Official and public chatter about the prospects which the 2009 official opening of the Takutu Bridge held for increasing access to Brazilian markets for goods manufactured in Guyana has more or less subsided beneath the recognition that while the completion and commissioning of the bridge was an important step in that direction, the completion of an all-weather road between Linden and Lethem was still a factor – perhaps the major factor to be considered if locally manufactured products were to benefit fully from what is a huge Brazilian market.

Another consideration, of course, was the capacity of the local manufacturing sector to meet the requirements of both volumes and standards considerations, though that consideration remains very much a domestic one which it is up to the individual manufacturers and stakeholders like the Guyana Manufac-turers and Services Association (GMSA) and local standards authorities to address.

Long before the Takutu Bridge had even been opened, Lethem had become a marketplace for some amount of trading between Guyanese and Brazilian businessmen and what the bridge did was to point the way in the direction of the significant stepping of such activity.

The National Milling Company of Guyana (Namilco) has, so far, been a standout local manufacturer, as far as seizing advantage afforded by the Brazilian market is concerned. Apart from the fact that Namilco is now exporting up to somewhere in the region of 1,500 bags of flour to Brazil each week, the company has now completed its storage bond at Lethem, paving the way for the consolidation of its export operations.

Namilco’s pursuits in Brazil are noteworthy if only because, while the volumes of flour which it currently exports to Brazil are relatively small the company has seized the opportunity and taken the plunge. It has to be said that the Namilco initiative is just the kind of example that might trigger similar efforts by other local manufacturers. These, down the road, would have the potential to grow into bigger export ventures.

Our recent conversation with the company’s Chief Executive Officer, Bert Sukhai, suggests that the venture is not without its challenges and difficulties. For example, as we pointed out in a story published in this issue, the volume of Namilco’s flour exports to Brazil is still being limited by the fact that the road between Linden and Lethem remains vulnerable to bad weather and that this indeed has been the case for some months this year when exports dipped because of a slowing down in the movement of trucks to Lethem. One of the consequences of this has been that the company appears to have suffered some amount of loss of market.

That notwithstanding, Namilco has still been able to move forward. It has completed its storage bond and is now able to create a sort of limited buffer against the problems associated with the state of the road. Additionally, it appears to have cleared all of the various customs and other hurdles that sometimes impact on the smooth flow of trade. Very soon, rather than have trucks drive across the border to Bon Fin for unloading in Brazil, larger Brazilian trucks will cross into Guyana, allowing for an increase in the volumes of flour exported to Brazil bearing in mind the storage facility now afforded by the completion of the storage facility at Lethem.

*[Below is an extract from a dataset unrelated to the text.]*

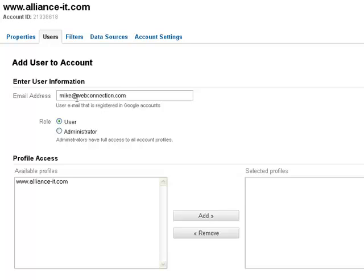And you can either select user or administrator. The difference between the two is user allows them to log in and just view your Google Analytics, while administrator allows you to log in, view, and also configure analytics.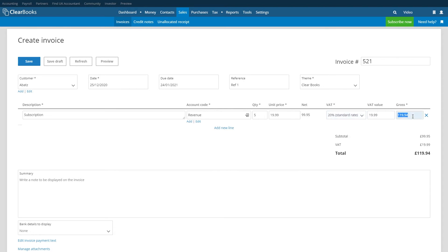Alternatively you can enter a gross amount first and the system will then work out the VAT amount based on the VAT rate you choose.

In sum, rather than wait until all of the conditions for accessing the Brazilian market to become propitious, Namilco decided some time ago that it would make its move, recognizing that there would be hurdles to overcome and obstacles to surmount, but understanding at the same time that quite, when, for example, we will have an all-weather Linden/Lethem road, is still unknown and that it really makes little sense to await the emergence of an ideal situation. We believe that, where possible, Namilco’s example is worthy of emulation and, perhaps more importantly, that it points once again in the direction of attaching a greater sense of urgency to the completion of the road.